For the next three days, I focused on being a transparency for divine Love, giving thanks in everything (see I Thessalonians 5:18 ), and not being preoccupied with looking for physical evidence of good before giving thanks. Whenever I would put on socks or noticed my ankle, I would affirm what I knew was true about my spiritual identity and divine Love’s care for me. I was able to joyfully fulfill all my responsibilities that week without any impediment.
The ankle rapidly improved, much more quickly than the previous injury had, and without the use of medical treatment. This brought out for me even more clearly that although material medicine tries to help someone when sick or hurting, its basis in matter automatically imposes limits to its efficacy, requiring repeated dosing, therapies, and time to work. Christian Science has none of these constraints, as the pure, healing, limitless truth of God that Christ Jesus demonstrated over and over during his ministry. I felt so grateful to be able to pursue this ideal of spiritual healing.
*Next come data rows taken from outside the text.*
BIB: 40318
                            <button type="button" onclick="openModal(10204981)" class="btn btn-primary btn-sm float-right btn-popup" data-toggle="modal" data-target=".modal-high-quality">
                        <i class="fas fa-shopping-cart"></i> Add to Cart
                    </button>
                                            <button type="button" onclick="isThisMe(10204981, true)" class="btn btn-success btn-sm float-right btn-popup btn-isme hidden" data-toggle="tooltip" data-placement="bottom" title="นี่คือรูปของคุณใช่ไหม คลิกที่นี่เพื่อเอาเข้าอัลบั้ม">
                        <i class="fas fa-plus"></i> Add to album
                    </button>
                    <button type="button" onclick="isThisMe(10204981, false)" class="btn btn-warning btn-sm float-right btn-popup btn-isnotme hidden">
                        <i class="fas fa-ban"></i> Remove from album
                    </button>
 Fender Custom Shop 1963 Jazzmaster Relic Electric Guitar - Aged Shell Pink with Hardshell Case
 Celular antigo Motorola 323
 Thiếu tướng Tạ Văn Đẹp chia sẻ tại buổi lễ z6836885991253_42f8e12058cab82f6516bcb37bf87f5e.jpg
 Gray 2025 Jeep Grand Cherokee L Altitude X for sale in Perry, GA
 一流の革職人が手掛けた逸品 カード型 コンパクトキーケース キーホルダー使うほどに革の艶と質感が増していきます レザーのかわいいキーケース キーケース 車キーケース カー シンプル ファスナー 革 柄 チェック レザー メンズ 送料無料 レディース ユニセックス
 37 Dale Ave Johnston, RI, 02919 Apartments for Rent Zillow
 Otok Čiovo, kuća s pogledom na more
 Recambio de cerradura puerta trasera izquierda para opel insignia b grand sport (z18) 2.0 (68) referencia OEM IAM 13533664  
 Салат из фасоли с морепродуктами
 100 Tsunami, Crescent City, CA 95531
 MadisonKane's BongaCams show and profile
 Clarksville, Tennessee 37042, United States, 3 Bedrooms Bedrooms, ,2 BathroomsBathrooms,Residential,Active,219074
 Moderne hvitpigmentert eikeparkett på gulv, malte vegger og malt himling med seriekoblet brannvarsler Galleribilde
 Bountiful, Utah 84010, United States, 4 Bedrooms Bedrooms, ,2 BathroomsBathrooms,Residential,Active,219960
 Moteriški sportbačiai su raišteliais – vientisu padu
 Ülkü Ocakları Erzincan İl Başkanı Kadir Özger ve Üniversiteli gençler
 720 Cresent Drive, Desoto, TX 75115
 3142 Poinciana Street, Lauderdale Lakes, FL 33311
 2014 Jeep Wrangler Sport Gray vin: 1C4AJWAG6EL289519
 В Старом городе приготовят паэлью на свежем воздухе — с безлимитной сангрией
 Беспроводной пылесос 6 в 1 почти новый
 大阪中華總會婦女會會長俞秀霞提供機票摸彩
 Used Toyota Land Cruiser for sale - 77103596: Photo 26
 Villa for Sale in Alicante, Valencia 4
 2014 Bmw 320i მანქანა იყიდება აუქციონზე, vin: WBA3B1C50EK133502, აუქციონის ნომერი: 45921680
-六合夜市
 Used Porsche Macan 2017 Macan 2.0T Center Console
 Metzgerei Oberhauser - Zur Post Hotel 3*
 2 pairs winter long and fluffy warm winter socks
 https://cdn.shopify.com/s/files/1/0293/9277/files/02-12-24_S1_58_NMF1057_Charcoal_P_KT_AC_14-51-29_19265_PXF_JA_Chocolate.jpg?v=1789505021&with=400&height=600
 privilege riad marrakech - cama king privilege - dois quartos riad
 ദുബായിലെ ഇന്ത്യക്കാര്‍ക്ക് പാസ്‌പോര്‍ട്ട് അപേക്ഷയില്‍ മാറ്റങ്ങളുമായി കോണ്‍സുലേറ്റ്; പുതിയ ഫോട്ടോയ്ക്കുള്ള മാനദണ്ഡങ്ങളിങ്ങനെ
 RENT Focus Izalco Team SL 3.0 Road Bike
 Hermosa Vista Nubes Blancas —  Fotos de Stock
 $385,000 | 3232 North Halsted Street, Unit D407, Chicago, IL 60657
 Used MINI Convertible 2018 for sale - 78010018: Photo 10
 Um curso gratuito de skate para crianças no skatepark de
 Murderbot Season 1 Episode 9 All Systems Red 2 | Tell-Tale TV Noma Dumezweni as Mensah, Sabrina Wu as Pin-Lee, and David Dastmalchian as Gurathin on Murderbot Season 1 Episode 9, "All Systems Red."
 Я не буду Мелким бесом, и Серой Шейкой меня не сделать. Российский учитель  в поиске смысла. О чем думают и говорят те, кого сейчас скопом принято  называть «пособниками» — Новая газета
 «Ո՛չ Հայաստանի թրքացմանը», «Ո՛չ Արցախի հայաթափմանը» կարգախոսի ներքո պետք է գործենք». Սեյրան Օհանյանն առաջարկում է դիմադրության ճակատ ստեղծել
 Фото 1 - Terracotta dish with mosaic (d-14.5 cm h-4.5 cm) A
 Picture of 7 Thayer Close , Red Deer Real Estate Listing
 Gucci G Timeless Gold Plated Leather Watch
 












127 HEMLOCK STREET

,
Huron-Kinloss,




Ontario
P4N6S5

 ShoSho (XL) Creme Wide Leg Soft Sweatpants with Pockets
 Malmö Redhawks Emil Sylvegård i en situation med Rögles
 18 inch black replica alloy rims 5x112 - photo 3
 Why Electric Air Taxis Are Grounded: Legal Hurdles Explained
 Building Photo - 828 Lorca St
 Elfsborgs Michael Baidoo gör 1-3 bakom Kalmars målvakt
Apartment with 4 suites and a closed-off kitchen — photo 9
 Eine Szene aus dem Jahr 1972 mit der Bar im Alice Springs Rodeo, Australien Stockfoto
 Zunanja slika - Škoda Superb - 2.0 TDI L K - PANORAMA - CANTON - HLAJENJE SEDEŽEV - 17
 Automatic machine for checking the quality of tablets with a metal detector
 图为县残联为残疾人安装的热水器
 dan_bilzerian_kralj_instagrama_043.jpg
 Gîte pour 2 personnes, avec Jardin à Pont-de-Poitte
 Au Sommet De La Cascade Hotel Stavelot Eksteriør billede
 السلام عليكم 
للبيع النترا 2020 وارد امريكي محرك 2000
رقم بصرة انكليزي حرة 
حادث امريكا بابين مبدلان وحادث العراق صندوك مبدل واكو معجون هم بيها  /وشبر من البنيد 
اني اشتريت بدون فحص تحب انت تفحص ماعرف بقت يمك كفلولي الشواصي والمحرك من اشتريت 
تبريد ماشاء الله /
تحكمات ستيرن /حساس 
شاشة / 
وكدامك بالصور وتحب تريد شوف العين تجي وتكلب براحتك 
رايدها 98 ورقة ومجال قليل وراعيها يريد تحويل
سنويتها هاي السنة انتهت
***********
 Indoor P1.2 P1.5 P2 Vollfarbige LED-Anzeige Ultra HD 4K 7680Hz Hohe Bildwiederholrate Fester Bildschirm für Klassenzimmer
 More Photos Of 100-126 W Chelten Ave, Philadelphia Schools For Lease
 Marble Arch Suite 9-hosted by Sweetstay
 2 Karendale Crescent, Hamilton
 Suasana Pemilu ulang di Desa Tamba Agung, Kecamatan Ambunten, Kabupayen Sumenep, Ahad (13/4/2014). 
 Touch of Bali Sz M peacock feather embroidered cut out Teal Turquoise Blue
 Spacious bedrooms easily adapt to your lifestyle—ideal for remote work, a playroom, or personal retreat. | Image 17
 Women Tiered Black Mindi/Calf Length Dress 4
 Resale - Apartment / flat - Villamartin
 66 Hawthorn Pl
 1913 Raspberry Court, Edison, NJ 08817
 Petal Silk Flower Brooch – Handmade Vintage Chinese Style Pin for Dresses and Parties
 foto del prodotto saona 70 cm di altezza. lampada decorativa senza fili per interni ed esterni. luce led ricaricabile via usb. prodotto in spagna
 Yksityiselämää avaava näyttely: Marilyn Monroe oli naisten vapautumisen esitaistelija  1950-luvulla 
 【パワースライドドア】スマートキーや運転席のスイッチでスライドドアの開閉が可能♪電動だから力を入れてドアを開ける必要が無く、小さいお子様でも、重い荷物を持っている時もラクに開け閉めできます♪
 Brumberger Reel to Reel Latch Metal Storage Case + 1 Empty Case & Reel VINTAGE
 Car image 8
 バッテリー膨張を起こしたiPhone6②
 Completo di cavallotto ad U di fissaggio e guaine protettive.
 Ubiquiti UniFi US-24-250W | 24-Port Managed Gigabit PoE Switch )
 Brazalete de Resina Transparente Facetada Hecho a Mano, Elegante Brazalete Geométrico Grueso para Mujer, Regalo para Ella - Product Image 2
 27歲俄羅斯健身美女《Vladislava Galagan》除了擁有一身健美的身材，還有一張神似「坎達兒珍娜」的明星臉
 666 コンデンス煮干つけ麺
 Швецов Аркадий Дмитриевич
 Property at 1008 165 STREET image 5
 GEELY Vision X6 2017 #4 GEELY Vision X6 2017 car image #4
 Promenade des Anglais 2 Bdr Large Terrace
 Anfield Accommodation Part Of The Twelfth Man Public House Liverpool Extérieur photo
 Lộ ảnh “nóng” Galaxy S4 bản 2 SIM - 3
Friday evening was our friend’s wedding. I wore a dress and strappy high heels and danced the night away with my husband and all our friends without even a thought about the ankle. Since then I have run hundreds of miles on the road, training for marathons and half-marathons, with no problems whatsoever. I am completely free, but what’s so beautiful about this healing is that I also made some progress in understanding that for my whole life—even during times when I had no knowledge of Christian Science—I was always protected by my Father-Mother God, Love, and Love doesn’t allow us to be vulnerable or susceptible to anything that would hurt us.